_Your task_
Give the lines of the material verbatim, from the first line to the line with "Information about fuel", including both.

_Study material_

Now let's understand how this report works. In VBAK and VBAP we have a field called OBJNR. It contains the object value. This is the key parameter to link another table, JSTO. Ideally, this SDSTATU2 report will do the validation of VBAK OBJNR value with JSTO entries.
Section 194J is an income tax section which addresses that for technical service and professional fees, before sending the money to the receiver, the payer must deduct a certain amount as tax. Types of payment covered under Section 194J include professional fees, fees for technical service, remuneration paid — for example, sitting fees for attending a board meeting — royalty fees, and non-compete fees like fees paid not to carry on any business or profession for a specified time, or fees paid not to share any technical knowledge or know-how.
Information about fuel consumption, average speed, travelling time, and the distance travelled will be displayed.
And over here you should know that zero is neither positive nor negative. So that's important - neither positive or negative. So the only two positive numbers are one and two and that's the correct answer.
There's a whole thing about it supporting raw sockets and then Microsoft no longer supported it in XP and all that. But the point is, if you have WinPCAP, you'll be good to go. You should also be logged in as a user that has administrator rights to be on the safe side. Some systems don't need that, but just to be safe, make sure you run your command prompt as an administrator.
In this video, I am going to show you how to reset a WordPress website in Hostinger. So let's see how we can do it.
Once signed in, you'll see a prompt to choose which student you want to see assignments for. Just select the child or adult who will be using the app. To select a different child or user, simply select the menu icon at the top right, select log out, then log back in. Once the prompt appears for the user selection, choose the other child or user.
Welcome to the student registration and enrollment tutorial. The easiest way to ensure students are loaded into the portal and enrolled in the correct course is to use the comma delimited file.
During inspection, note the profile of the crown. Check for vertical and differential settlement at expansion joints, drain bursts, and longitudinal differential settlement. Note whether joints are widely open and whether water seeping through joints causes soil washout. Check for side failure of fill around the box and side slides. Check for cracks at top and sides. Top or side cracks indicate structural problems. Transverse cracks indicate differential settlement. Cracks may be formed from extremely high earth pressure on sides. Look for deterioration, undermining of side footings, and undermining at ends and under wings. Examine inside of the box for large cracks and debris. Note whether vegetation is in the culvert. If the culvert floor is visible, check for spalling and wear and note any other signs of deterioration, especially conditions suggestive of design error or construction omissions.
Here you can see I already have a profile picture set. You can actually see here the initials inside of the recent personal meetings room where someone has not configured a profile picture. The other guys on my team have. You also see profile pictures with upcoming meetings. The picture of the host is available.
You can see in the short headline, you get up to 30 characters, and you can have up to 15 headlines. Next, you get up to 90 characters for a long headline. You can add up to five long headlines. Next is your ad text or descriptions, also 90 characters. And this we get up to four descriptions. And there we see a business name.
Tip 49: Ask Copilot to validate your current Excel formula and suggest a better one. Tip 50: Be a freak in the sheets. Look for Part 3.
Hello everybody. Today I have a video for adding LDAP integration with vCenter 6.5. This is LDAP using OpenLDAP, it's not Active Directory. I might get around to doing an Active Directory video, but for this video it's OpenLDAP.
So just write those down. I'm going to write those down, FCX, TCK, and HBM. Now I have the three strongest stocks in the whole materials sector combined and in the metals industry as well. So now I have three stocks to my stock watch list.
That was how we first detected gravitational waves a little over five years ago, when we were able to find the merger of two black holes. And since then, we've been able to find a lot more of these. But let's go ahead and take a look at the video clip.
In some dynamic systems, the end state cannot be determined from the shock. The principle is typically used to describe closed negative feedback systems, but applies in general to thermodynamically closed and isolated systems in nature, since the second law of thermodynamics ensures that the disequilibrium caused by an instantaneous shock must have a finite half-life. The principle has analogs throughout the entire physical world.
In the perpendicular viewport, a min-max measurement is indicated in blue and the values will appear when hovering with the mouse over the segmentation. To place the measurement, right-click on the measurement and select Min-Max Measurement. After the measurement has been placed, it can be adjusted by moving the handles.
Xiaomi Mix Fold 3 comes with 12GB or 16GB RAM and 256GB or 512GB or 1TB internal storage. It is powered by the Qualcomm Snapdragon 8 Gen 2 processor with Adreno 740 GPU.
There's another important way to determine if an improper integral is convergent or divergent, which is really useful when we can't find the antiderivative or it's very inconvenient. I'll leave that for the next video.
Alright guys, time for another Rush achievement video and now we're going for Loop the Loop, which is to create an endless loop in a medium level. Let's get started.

_Reply_
Now let's understand how this report works. In VBAK and VBAP we have a field called OBJNR. It contains the object value. This is the key parameter to link another table, JSTO. Ideally, this SDSTATU2 report will do the validation of VBAK OBJNR value with JSTO entries.
Section 194J is an income tax section which addresses that for technical service and professional fees, before sending the money to the receiver, the payer must deduct a certain amount as tax. Types of payment covered under Section 194J include professional fees, fees for technical service, remuneration paid — for example, sitting fees for attending a board meeting — royalty fees, and non-compete fees like fees paid not to carry on any business or profession for a specified time, or fees paid not to share any technical knowledge or know-how.
Information about fuel consumption, average speed, travelling time, and the distance travelled will be displayed.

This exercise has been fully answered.